• **What to produce**: All of the data must be returned exactly as given.

• **Data**:
[Start of Attachment]
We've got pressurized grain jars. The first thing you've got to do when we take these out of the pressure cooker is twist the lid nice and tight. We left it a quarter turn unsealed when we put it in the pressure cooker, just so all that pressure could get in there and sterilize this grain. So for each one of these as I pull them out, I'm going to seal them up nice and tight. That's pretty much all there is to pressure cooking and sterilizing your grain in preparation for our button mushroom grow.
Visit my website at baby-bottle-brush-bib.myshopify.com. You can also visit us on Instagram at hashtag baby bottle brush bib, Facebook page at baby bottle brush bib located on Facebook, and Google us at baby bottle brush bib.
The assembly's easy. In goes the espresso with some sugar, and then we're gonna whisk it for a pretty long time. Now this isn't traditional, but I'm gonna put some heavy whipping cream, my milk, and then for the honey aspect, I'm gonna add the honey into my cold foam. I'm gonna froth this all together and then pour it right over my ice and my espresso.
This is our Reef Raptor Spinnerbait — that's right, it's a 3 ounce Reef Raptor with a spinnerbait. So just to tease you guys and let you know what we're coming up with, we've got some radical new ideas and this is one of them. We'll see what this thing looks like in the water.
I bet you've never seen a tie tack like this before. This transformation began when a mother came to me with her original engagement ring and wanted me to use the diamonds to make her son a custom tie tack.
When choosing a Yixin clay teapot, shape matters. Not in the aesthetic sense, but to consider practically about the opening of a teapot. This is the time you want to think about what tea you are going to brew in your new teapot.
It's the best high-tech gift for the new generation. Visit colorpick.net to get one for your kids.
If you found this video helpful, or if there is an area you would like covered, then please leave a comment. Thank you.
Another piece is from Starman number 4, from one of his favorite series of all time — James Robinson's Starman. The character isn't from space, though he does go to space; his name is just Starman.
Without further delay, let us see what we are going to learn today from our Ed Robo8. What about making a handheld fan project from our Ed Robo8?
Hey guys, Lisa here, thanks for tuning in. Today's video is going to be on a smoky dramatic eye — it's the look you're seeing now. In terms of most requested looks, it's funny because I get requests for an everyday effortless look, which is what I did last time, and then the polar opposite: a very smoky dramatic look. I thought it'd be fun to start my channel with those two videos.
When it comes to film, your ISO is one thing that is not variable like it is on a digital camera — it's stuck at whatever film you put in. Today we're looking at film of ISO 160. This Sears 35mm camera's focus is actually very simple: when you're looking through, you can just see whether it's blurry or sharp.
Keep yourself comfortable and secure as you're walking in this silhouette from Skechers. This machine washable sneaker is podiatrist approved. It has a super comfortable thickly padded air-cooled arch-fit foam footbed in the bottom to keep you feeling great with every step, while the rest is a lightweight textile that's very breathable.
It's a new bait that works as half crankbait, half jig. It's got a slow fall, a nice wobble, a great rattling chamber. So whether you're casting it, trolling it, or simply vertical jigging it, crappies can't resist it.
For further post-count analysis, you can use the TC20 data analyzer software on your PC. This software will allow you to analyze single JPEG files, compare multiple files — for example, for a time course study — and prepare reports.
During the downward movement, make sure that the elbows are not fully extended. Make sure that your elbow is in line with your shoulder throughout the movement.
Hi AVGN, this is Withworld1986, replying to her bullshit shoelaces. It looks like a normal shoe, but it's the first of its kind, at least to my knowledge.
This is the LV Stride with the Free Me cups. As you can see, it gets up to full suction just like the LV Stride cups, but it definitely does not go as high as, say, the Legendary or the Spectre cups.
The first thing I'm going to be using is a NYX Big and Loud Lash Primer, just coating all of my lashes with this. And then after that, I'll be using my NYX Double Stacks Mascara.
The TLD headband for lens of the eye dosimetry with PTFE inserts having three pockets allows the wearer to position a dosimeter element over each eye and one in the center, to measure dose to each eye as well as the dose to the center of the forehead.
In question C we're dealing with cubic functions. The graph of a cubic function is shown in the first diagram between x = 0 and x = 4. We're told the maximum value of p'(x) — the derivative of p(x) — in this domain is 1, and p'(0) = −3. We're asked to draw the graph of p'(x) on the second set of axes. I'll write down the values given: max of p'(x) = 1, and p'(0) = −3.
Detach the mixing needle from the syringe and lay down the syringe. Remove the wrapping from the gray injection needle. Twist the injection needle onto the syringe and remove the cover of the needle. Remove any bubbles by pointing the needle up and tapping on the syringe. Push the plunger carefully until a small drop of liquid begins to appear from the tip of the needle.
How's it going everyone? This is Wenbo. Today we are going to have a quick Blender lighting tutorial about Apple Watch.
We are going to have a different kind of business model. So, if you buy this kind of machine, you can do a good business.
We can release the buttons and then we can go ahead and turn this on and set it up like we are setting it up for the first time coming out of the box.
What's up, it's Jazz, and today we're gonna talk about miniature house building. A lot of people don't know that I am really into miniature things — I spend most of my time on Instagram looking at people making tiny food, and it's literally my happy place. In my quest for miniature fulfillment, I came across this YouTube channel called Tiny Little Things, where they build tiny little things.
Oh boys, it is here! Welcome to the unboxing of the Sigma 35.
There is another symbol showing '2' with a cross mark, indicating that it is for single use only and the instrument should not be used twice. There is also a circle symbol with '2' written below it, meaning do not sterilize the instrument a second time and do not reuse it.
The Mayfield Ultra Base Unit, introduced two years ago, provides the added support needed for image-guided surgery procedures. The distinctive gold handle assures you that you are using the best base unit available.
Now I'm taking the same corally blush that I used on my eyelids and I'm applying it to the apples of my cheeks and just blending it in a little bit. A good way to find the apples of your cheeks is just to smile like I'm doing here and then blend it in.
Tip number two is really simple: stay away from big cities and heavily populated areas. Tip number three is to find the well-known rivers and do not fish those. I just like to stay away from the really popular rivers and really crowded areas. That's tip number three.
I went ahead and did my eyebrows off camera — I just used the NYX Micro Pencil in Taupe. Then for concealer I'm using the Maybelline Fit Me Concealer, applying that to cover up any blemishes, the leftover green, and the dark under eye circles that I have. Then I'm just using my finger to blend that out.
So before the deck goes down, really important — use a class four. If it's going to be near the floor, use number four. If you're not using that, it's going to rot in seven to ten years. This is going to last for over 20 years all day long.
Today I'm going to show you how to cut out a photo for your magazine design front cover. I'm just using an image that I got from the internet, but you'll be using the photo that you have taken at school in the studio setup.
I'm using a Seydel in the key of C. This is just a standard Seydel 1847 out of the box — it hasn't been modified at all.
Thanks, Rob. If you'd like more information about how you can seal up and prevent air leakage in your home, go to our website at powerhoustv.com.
[End of Attachment]
• **Reply to the task**:
We've got pressurized grain jars. The first thing you've got to do when we take these out of the pressure cooker is twist the lid nice and tight. We left it a quarter turn unsealed when we put it in the pressure cooker, just so all that pressure could get in there and sterilize this grain. So for each one of these as I pull them out, I'm going to seal them up nice and tight. That's pretty much all there is to pressure cooking and sterilizing your grain in preparation for our button mushroom grow.
Visit my website at baby-bottle-brush-bib.myshopify.com. You can also visit us on Instagram at hashtag baby bottle brush bib, Facebook page at baby bottle brush bib located on Facebook, and Google us at baby bottle brush bib.
The assembly's easy. In goes the espresso with some sugar, and then we're gonna whisk it for a pretty long time. Now this isn't traditional, but I'm gonna put some heavy whipping cream, my milk, and then for the honey aspect, I'm gonna add the honey into my cold foam. I'm gonna froth this all together and then pour it right over my ice and my espresso.
This is our Reef Raptor Spinnerbait — that's right, it's a 3 ounce Reef Raptor with a spinnerbait. So just to tease you guys and let you know what we're coming up with, we've got some radical new ideas and this is one of them. We'll see what this thing looks like in the water.
I bet you've never seen a tie tack like this before. This transformation began when a mother came to me with her original engagement ring and wanted me to use the diamonds to make her son a custom tie tack.
When choosing a Yixin clay teapot, shape matters. Not in the aesthetic sense, but to consider practically about the opening of a teapot. This is the time you want to think about what tea you are going to brew in your new teapot.
It's the best high-tech gift for the new generation. Visit colorpick.net to get one for your kids.
If you found this video helpful, or if there is an area you would like covered, then please leave a comment. Thank you.
Another piece is from Starman number 4, from one of his favorite series of all time — James Robinson's Starman. The character isn't from space, though he does go to space; his name is just Starman.
Without further delay, let us see what we are going to learn today from our Ed Robo8. What about making a handheld fan project from our Ed Robo8?
Hey guys, Lisa here, thanks for tuning in. Today's video is going to be on a smoky dramatic eye — it's the look you're seeing now. In terms of most requested looks, it's funny because I get requests for an everyday effortless look, which is what I did last time, and then the polar opposite: a very smoky dramatic look. I thought it'd be fun to start my channel with those two videos.
When it comes to film, your ISO is one thing that is not variable like it is on a digital camera — it's stuck at whatever film you put in. Today we're looking at film of ISO 160. This Sears 35mm camera's focus is actually very simple: when you're looking through, you can just see whether it's blurry or sharp.
Keep yourself comfortable and secure as you're walking in this silhouette from Skechers. This machine washable sneaker is podiatrist approved. It has a super comfortable thickly padded air-cooled arch-fit foam footbed in the bottom to keep you feeling great with every step, while the rest is a lightweight textile that's very breathable.
It's a new bait that works as half crankbait, half jig. It's got a slow fall, a nice wobble, a great rattling chamber. So whether you're casting it, trolling it, or simply vertical jigging it, crappies can't resist it.
For further post-count analysis, you can use the TC20 data analyzer software on your PC. This software will allow you to analyze single JPEG files, compare multiple files — for example, for a time course study — and prepare reports.
During the downward movement, make sure that the elbows are not fully extended. Make sure that your elbow is in line with your shoulder throughout the movement.
Hi AVGN, this is Withworld1986, replying to her bullshit shoelaces. It looks like a normal shoe, but it's the first of its kind, at least to my knowledge.
This is the LV Stride with the Free Me cups. As you can see, it gets up to full suction just like the LV Stride cups, but it definitely does not go as high as, say, the Legendary or the Spectre cups.
The first thing I'm going to be using is a NYX Big and Loud Lash Primer, just coating all of my lashes with this. And then after that, I'll be using my NYX Double Stacks Mascara.
The TLD headband for lens of the eye dosimetry with PTFE inserts having three pockets allows the wearer to position a dosimeter element over each eye and one in the center, to measure dose to each eye as well as the dose to the center of the forehead.
In question C we're dealing with cubic functions. The graph of a cubic function is shown in the first diagram between x = 0 and x = 4. We're told the maximum value of p'(x) — the derivative of p(x) — in this domain is 1, and p'(0) = −3. We're asked to draw the graph of p'(x) on the second set of axes. I'll write down the values given: max of p'(x) = 1, and p'(0) = −3.
Detach the mixing needle from the syringe and lay down the syringe. Remove the wrapping from the gray injection needle. Twist the injection needle onto the syringe and remove the cover of the needle. Remove any bubbles by pointing the needle up and tapping on the syringe. Push the plunger carefully until a small drop of liquid begins to appear from the tip of the needle.
How's it going everyone? This is Wenbo. Today we are going to have a quick Blender lighting tutorial about Apple Watch.
We are going to have a different kind of business model. So, if you buy this kind of machine, you can do a good business.
We can release the buttons and then we can go ahead and turn this on and set it up like we are setting it up for the first time coming out of the box.
What's up, it's Jazz, and today we're gonna talk about miniature house building. A lot of people don't know that I am really into miniature things — I spend most of my time on Instagram looking at people making tiny food, and it's literally my happy place. In my quest for miniature fulfillment, I came across this YouTube channel called Tiny Little Things, where they build tiny little things.
Oh boys, it is here! Welcome to the unboxing of the Sigma 35.
There is another symbol showing '2' with a cross mark, indicating that it is for single use only and the instrument should not be used twice. There is also a circle symbol with '2' written below it, meaning do not sterilize the instrument a second time and do not reuse it.
The Mayfield Ultra Base Unit, introduced two years ago, provides the added support needed for image-guided surgery procedures. The distinctive gold handle assures you that you are using the best base unit available.
Now I'm taking the same corally blush that I used on my eyelids and I'm applying it to the apples of my cheeks and just blending it in a little bit. A good way to find the apples of your cheeks is just to smile like I'm doing here and then blend it in.
Tip number two is really simple: stay away from big cities and heavily populated areas. Tip number three is to find the well-known rivers and do not fish those. I just like to stay away from the really popular rivers and really crowded areas. That's tip number three.
I went ahead and did my eyebrows off camera — I just used the NYX Micro Pencil in Taupe. Then for concealer I'm using the Maybelline Fit Me Concealer, applying that to cover up any blemishes, the leftover green, and the dark under eye circles that I have. Then I'm just using my finger to blend that out.
So before the deck goes down, really important — use a class four. If it's going to be near the floor, use number four. If you're not using that, it's going to rot in seven to ten years. This is going to last for over 20 years all day long.
Today I'm going to show you how to cut out a photo for your magazine design front cover. I'm just using an image that I got from the internet, but you'll be using the photo that you have taken at school in the studio setup.
I'm using a Seydel in the key of C. This is just a standard Seydel 1847 out of the box — it hasn't been modified at all.
Thanks, Rob. If you'd like more information about how you can seal up and prevent air leakage in your home, go to our website at powerhoustv.com.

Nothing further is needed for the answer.